_What is being asked_
Down to the last line, print the data that follows exactly, without its pictures.

_The data_
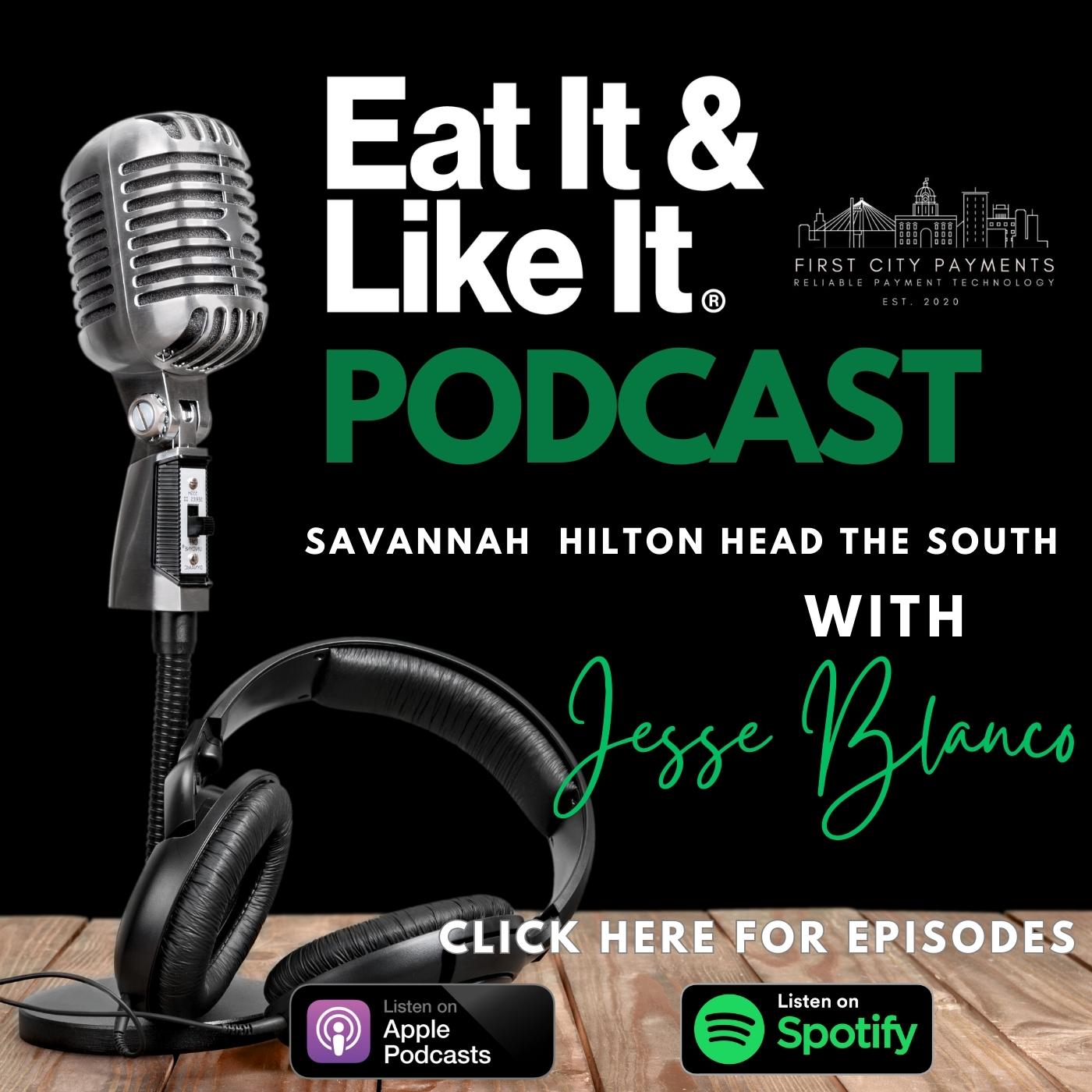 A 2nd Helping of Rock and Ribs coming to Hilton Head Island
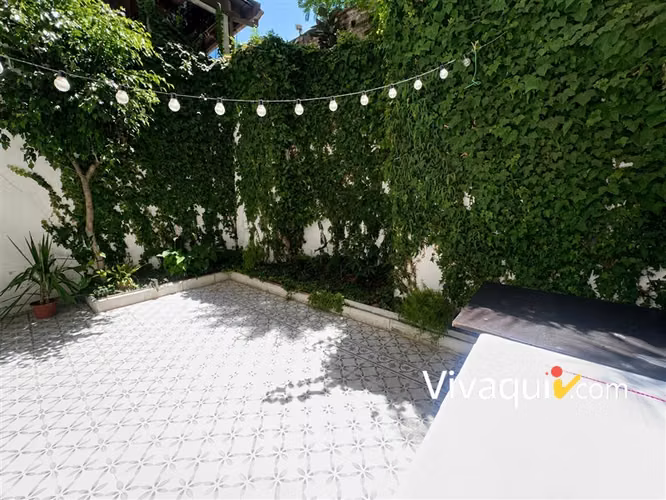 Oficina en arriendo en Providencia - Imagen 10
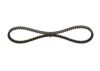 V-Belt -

_Response area_
 A 2nd Helping of Rock and Ribs coming to Hilton Head Island
 Oficina en arriendo en Providencia - Imagen 10
 V-Belt -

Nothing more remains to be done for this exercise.